Sovereignty means control over how data flows. It means portability across cloud environments. It means governance embedded in pipelines. It means visibility at every hop.
Therefore, efficient stream processing reduces unnecessary storage and compute cycles. That has energy implications. India’s AI ambition cannot come at the cost of unsustainable energy consumption. Intelligent filtering, processing only what matters in motion, is more than just a technical upgrade.

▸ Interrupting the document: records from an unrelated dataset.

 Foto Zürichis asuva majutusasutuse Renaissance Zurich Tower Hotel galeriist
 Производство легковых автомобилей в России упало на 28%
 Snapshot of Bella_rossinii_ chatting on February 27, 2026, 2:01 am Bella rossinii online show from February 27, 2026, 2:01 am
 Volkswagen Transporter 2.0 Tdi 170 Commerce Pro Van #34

What data centres must mean for India
So what should data centre investment mean for us? It should not mean passive storage expansion. It should not mean compute capacity without orchestration.
It should mean building intelligent, real-time digital nervous systems across sectors.
Banking. Telecom. Healthcare. Retail. Public digital infrastructure. Each of these sectors generates enormous streams of data. The opportunity is not in accumulating it, but in activating it.
The real economic dividend will come when enterprises can connect every event, from a factory floor to a mobile screen, into a continuous decision loop.
That is how we move from reactive to predictive, from predictive to autonomous, and from autonomous to adaptive.
Therefore, we must architect for velocity, not just volume. We have the demographic advantage. We already have scale. We already have policy momentum and investment appetite. Now we must match that with architectural discipline.
Because in this decade, the winners will not be those who own the most data. They will be those who can move the right data, at the right moment, with trust and intelligence built in. India’s future is not stored in racks. It is flowing every second.